Jewish Life Torah Portion

Torah Portion – Terumah

 

By Shlomo Riskin

“They shall make an ark of acacia trees. Overlay it with pure gold— outside and inside—and you shall make upon it a gold crown all around. Cast for it four gold rings and place them on its four corners, two rings on one side and two rings on the other. Into these rings you must insert the [two] poles of acacia trees which you are to overlay with gold, and with which you are to carry the ark. The staves shall remain in the rings of the ark; they may not be removed from it. You shall place into the ark the Testimonial Tablets which I will give you” (Ex. 25:10-16).

The first of the Sanctuary’s accouterments is the Ark of the Covenant, into which the tablets of the Ten Commandments are to be deposited. These tablets are the written record of the Revelation at Sinai, under whose rubric God transmitted the 613 Commandments of the Torah. Herein lay the constitution of this newly formed nation, the message by which a holy nation was to be fashioned and the mission with which blessing was to be brought to all the families on earth. Hence, the production of this ark must contain many symbolic and instructive teachings; its very architecture is therefore divinely commanded.

The wood of the sacred ark came from acacia trees (atzei shittim), a rare type of tree which grows even in a desert wilderness; it is therefore an early forerunner of the freshness and vitality of the cedars of Lebanon which, in the days of our Messiah, will spread its force throughout Israel and transform arid deserts into founts of water: “I will open up streams on the bare hills and fountains amid the valleys; I will turn the desert into ponds, the arid land into springs of water. I will plant cedars in the desert, acacia and myrtle and the oil tree… that people may see and know, consider and comprehend, that the Lord’s hand has done this, that the Holy One of Israel has created it” (Isa. 41:18-20).

The fact that the sacred ark, receptacle for the Torah, the Tablets of Testimony, was fashioned from the acacia tree emphasizes the fact that the Revelation was given to Israel not in the Land of Israel, but rather from the Sinai Desert wilderness. This, our sages teach us, is because “had the Torah been given in the Land of Israel, the Israelites could have demanded it only for themselves, arguing that the nations of the world have no share in it; now, anyone who wishes to accept it, may come and accept it” (Mekhilta de R. Yishmael, BaHodesh 1, Lauterbach ed. p. 198).

Moreover, many botanists and researchers claim that the miraculous “burning bush” seen by Moses at the very beginning of his ministry was actually a semi-parasitic plant which covers acacia trees, the Loranthus acaciae, whose fire-red blossoms seemed to Moses to be a fiery flame which was burning, but which did not consume the tree it surrounded (Tree and Shrub in our Biblical Heritage, Nogah Hareuveni, p. 39).

The message is clear: God entrusted us with His “fiery law of love” (esh dat) to become a holy nation of priest-teachers to humanity, to transform the wilderness wasteland of a corrupt world into a blooming Garden of Eden of fruits and flowers, piety and productivity, during the Time of Redemption.

The rest of the symbolism of our sacred ark is easy to interpret. The wooden ark was placed within a larger, outer box made of pure gold, and it itself enclosed a smaller, inner box of pure gold so that the wooden ark which encased the Tablet of Testimony was formed from the outside as well as from the inside with pure gold.

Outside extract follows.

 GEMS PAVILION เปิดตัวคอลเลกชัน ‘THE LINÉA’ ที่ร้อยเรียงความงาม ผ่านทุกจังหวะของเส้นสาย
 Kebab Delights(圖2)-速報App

Gold symbolizes eternity—it never decays; it is critical that the golden preciousness of God’s Torah must be expressed to the outside in human words and deeds and must emanate from an inner purity of heart, soul and mind.

The central ark was made of wood, as we have seen, because a tree, unlike sterile gold, grows, develops branches, and often gives forth new fruit. Two staves, likewise made of wood, were inserted into gold rings on the sides of the ark, so that the ark—the Torah— would move, progress and travel along with the people of Israel.

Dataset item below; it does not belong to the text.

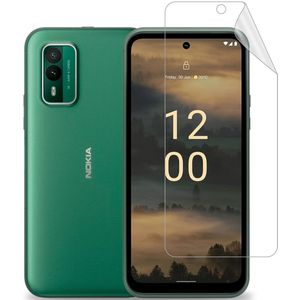 iMoshion Screenprotector Folie 3 pack voor de Nokia XR21 - Transparant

Ours must be a living Torah. Our Torah must be found wherever the people of Israel happen to be. Our Torah must respond with commanding vision to every new era, to every fresh possibility. Our Torah must apply eternal truths to changing conditions, maintaining deep roots which dig deeply into the depths of ancient nutrients but equipped with the necessary wings to fly into hitherto uncharted heights; it must bring us close to the One who revealed His will in the wilderness and endowed us with the wisdom and wherewithal to perfect His world. Herein lies the secret of the cherubs, in human form with wings poised heavenwards, ultimate guardians of an eternal people with an eternal Torah. “They shall make for Me a Sanctuary so that I may dwell in their midst,” in My Sanctuary, which must transform the world into a house of communion and communication with Me for all the nations of the world.

Rabbi Shlomo Riskin is chancellor of Ohr Torah Stone and chief rabbi of Efrat, Israel.